The North East Children’s Trust (NECT) is a private sector led social engineering initiative incorporated in 2017 with a mission to create innovative, transformational sustainable learning ecosystems that will nurture, renew and empower vulnerable children  between ages 5 and 18 years that have been orphaned by the insurgency in North East Nigeria.

Since 2012, the Boko Haram insurgency has enveloped north east Nigeria to varying degrees. At the height of the crises, about 80% of 1.8 million internally displaced persons were from Borno state, followed by Adamawa and Yobe states with 8% and 6% respectively. Children aged 18 years and below comprised over 50% of the IDP population.        
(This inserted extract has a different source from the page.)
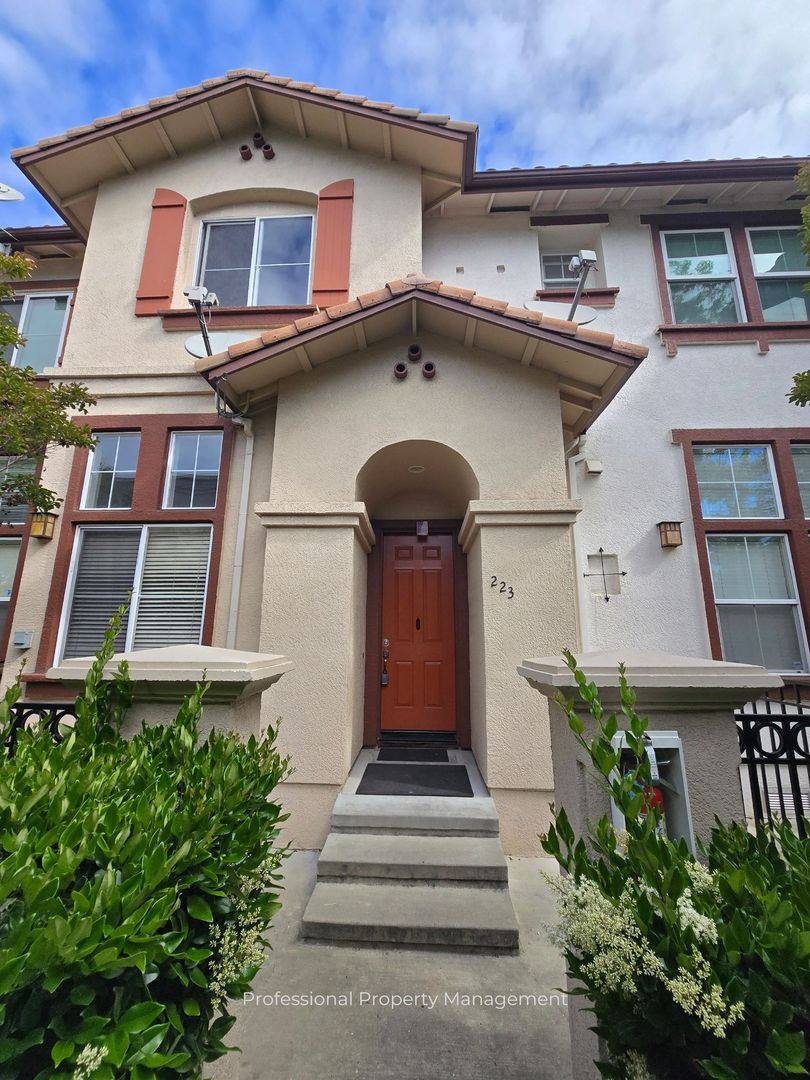 House for rent at 223 Santa Barbara, San Pablo, CA 94806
About 50,000 children are estimated to be orphaned by the insurgency without access to good education, quality health care, food and basic shelter. Without assistance, these children will not have a normal childhood nor experience the joys of growing in a home nurtured by a family.
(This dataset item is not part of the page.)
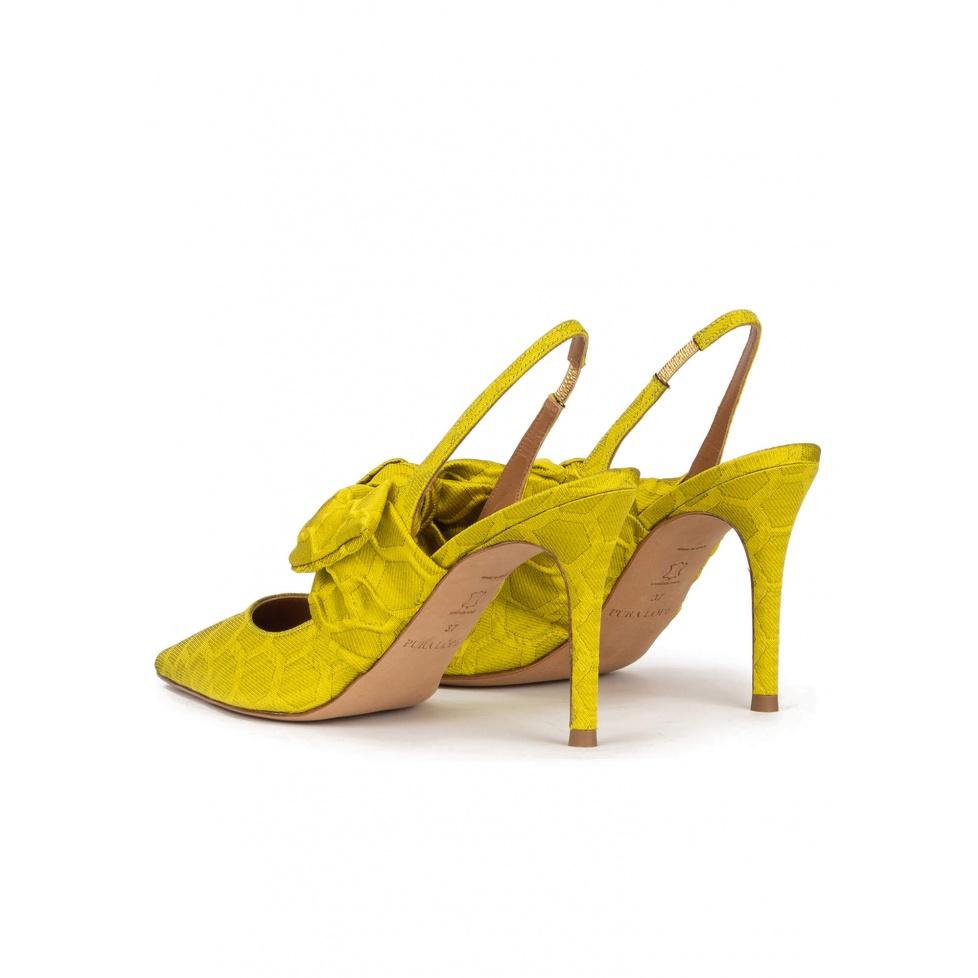 pura lópez Zapatos altos de punta fina en verde pistacho con lazada Tienda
Therefore, NECT aims to create ecosystems carefully designed to provide comprehensive support for the children through access to safe living spaces, quality education, good health facilities, well-rounded psychosocial support and relevant socio-economic life skills.

Mission 
NECT seeks to establish learning centers within local communities  to deliver context specific and student-centred learning through purposeful partnerships that leverage the capabilities, contributions and networks of diverse stakeholders.

Vision 
Our vision over the next 5 years is to scale for impact. This will entail transiting from a centralised and institutionalised service delivery model into a more sustainable community oriented service delivery model.

Objectives 

 To develop innovative and scalable solutions to ensure that vulnerable children build strong foundations for lifelong learning and well-being
 To build learning systems that are adaptable, skill-based, and fit for the skills and competencies needed in the 21st century
 To reimagine affordable alternative pathways to education for students who are unable to access conventional schooling opportunities
 To forge new alliances amongst private and public sector partners in order to establish novel education financial infrastructure

Board Of Trustees 
The board of trustees is a five-member group of prestigious humanitarians in Nigeria. Jim Ovia, who is the chairman of the board, is the founder of Zenith bank and a reputable philanthropist whose foundation has empowered over four thousand Nigerian youths in scholarships and entrepreneurial funding. Hauwa Biu, who is the vice chairman of the board, is a girl-child/ woman education activist, and chairperson of newly established Borno Education Trust Fund. Mariam Masha, who is the executive secretary of the board, is the senior special assistant to the 2020 incumbent president of the Federal Republic of Nigeria on Humanitarian Interventions. Doris Yaro is a gender-equality activist and founder of Gabasawa Women & Children Empowerment Initiative, an NGO which provides scholarships and support to public primary school children affected by the Insurgency. Finally, Baba Hassan Kachalla is the founder of Society for Prevention and Eradication of Tuberculosis in Nigeria.

Projects

Learning Center I 
The flagship Learner Center was completed in 2017, just six months after construction commenced and saw the enrollment of the first batch of orphaned children into its abode. It was established to comfortably accommodate a thousand orphans.

Learning Center II 
As a strategy to reach the Trusts' goal of providing full support to 10,000 children orphaned by the Boko Haram insurgency, NECT adopted Maiduguri International School (MISET), a community owned school established in 1981 and located in Borno state's metropolis, which in the heat of insurgency had lost all semblance of its past glory and lay decrepit until NECT's intervention of total upgrade and remodeling in 2019. The commissioning of the school held on the 8th of October 2019, two years after the establishment of Learning Center I and the highlight of the event was the provisional support of eight million naira for offsetting the outstanding salaries owed to the entire staff, and setting up of scholarships for all the orphans from host communities enrolled in the school, all in addition to the 200+ million project cost of the intervention. Before NECT's intervention, MISET had suffered a dearth of infrastructure, low enrollment rates and a backlog of unpaid staff salaries.